[Geowanking] Geospatial Library Catalog
andy at hexten.net
Wed Aug 30 14:22:27 PDT 2006
On 30 Aug 2006, at 22:01, Andrew Turner wrote:
> I didn't mean to imply they would have the exact "function
> signatures", or anything. Pull back just a little bit further. All
> your examples had a common set of options, regardless of *how* they're
> passed in/set, its that there is a common set of options that all the
> interfaces provide. Think Behavior-Driven-Development (to use a
> phrase-of-the-day). The interface is saying "what all can this thing
> That way, you prevent the one interface from defining "split every #
> seconds", but then another interface using "point array size".
That certainly seems /more/ reasonable. I suspect that the burden of
cataloguing the options that are supposed to be provided and what
their precise semantics are and the downstream burden that authors
will be expected to comply with those specifications will mean that
we just end up with less code out there.
Bear in mind that the options really need to have the exact same
semantics across multiple languages if we're saying "these are the
options and this is what they do irrespective of the language you're
using". If we have identically named options that are merely rather
similar it's worse than just having ad hoc options - it'd be actively
misleading as opposed to passively confusing :)
>> And who benefits if we force all these different languages to use the
>> same function signatures? The majority of developers don't language-
>> hop all that often so the benefit of having a clear, well designed
>> interface that's native to whatever language they're using greatly
>> outweighs any benefit that accrues from being able to call functions
>> the same way in different languages.
> The purpose being that the entire "functionality/language matrix" can
> be covered. Say someone writes a Perl module to parse GPX, but there
> wasn't a Python one yet. Seems best to say: I'll use the Perl
> "interface" (remember, abstractly) and write it in Python. I can look
> at the GPX reference that the Perl module points to.
But presumably there are precedents for file parsers in Python
culture just as there are in Perl culture - isn't a Python developer
more likely to expect the GPX parser to work a bit like the Python
XML parser or the Python HTML parser than the Perl GPX parser? He/she
presumably has no knowledge of Perl.
> I can also use the same "tests" that the perl module verified itself
> against. I want to pass the same GPX file & options through my Python
> module and see that I get the same results and feel more confident
> that I can trust my module.
OK - I see a glimmer here :)
But I also see the spectre of modules with complex interfaces and
many options just so they can be the same as another module in
another language.
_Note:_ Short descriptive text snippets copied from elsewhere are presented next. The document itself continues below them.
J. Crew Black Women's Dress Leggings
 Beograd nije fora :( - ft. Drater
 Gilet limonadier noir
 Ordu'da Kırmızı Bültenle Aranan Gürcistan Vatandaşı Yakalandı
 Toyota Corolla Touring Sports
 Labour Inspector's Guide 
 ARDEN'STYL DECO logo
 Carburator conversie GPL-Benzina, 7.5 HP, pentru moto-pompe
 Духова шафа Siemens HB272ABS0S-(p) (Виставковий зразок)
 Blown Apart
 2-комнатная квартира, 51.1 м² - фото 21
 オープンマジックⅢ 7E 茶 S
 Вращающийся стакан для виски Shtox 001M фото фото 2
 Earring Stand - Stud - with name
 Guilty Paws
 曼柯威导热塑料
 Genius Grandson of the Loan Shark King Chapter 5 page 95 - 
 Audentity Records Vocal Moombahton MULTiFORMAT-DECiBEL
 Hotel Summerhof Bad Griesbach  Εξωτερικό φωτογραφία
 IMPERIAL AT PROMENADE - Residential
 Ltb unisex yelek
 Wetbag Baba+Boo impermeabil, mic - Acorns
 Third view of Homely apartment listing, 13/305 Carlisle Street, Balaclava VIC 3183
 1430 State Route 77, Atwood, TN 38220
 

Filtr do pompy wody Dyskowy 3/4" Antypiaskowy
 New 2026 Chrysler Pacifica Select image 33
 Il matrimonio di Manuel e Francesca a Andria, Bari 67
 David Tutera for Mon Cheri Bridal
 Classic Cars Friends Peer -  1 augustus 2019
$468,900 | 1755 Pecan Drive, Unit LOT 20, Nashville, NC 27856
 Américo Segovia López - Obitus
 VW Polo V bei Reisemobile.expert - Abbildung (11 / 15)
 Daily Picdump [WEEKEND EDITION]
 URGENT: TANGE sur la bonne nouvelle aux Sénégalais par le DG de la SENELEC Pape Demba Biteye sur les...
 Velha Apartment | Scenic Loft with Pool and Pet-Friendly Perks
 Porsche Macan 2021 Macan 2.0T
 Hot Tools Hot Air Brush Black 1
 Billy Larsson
I'm struggling to see modules that have
sufficiently complex interfaces that there's benefit in standardising
across multiple languages as a good thing.
In practice a GPX parser probably just needs to be told what to
parse. If you need to, say, split tracks or synthesise missing
elements - or whatever - that should really be something you do to
the data after parsing.
I suppose in a nutshell what I'm saying is that having enough options
that they need to be standardised in the way you describe seems
antithetical to clean interface design.
>> > But maybe that is too specific across languages. At the very least
>> > defining general problem s/patterns, features, and referenced
>> > standards.
>> Examples please :)
> I would think picking up, say, "Mapping Hacks" and seeing that as a
> large set of useful patterns and desired behaviors. Also look at all
> the current Perl modules that you're gathering, as well as the
> Ruby/Python/*C* libraries that exist as the desired set of tools.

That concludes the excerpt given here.